** Task details **
Your job with the data below: print everything from the line that holds "CHANEL 1993 CC medallion brooch" down to the line that holds "お子様の成長やライフスタイル", ends included, exactly, and nothing else.

** Data extracts **
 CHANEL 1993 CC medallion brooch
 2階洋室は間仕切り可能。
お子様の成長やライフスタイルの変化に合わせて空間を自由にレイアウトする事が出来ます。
...
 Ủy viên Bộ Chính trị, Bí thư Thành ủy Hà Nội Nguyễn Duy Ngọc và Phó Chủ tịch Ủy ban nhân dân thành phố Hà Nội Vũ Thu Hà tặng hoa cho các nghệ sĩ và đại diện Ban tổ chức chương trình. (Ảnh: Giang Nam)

** Solution to this exercise **
 CHANEL 1993 CC medallion brooch
 2階洋室は間仕切り可能。
お子様の成長やライフスタイルの変化に合わせて空間を自由にレイアウトする事が出来ます。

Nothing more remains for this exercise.